Таким образом, отношение между словом и тем, что оно обозначает, формируется в ходе сложного процесса усвоения индивидом языка и лежащей в его основе концептуальной схемы. В книге «Слово и объект» этот процесс назван «онтогенезом референции», и его исследование расценивается Куайном как серьезная научная проблема. Он предлагает свое, натуралистическое, решение этой проблемы, хотя и считает его предварительным и спекулятивным.
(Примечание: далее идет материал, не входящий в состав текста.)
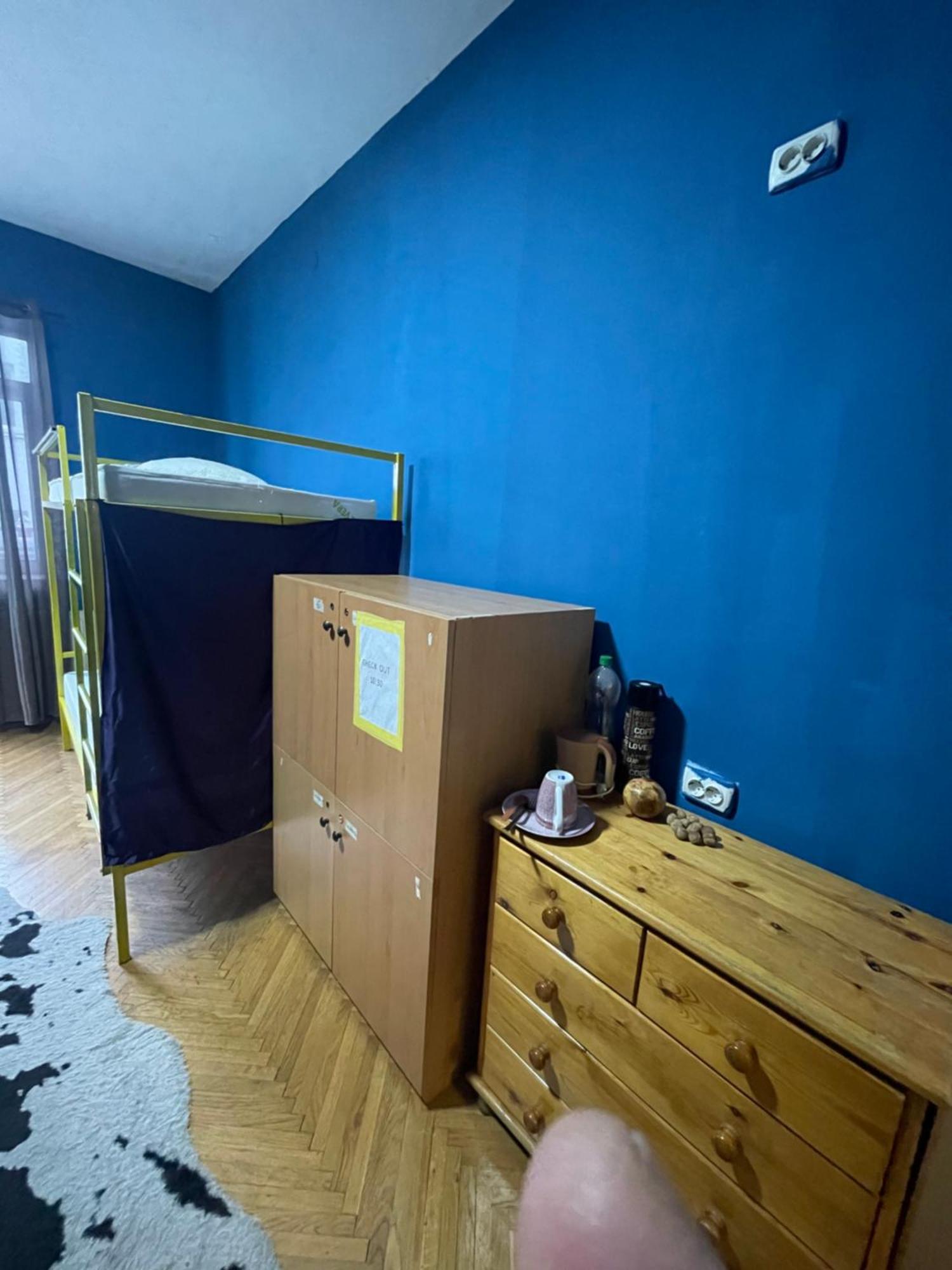 Newborn Center Hostel All Day Free Coffee Pristina Exterior photo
Из сказанного можно заключить, что Куайн не отрицает наличия в языке выражений, имеющих референцию к миру, но он отрицает фундаментальный характер референции. Для него референция — это производное понятие, а фундаментальным, гарантирующим эмпирическую значимость языка, является отношение между предложениями наблюдения и обстоятельствами их произнесения, которые делают их истинными или ложными. Эти обстоятельства связаны с определенными сенсорными стимуляциями, под воздействием которых проявляются речевые диспозиции человека. Референция не устанавливается автоматически, а постепенно формируется, поэтому она оказывается зависимой от принятого способа анализа структуры предложения, а в конечном счете — от концептуальной схемы языка. Мы можем по-разному структурировать наши предложения и по-разному приписывать значение их составным частям. Поскольку эмпирические свидетельства, которыми мы располагаем, имеют отношение к целым предложениям, а не к способам их разбиения на составные части, они ничего не говорят в пользу того, какой из методов анализа является правильным. А это означает, что референция является «неопределенной» или «непостижимой».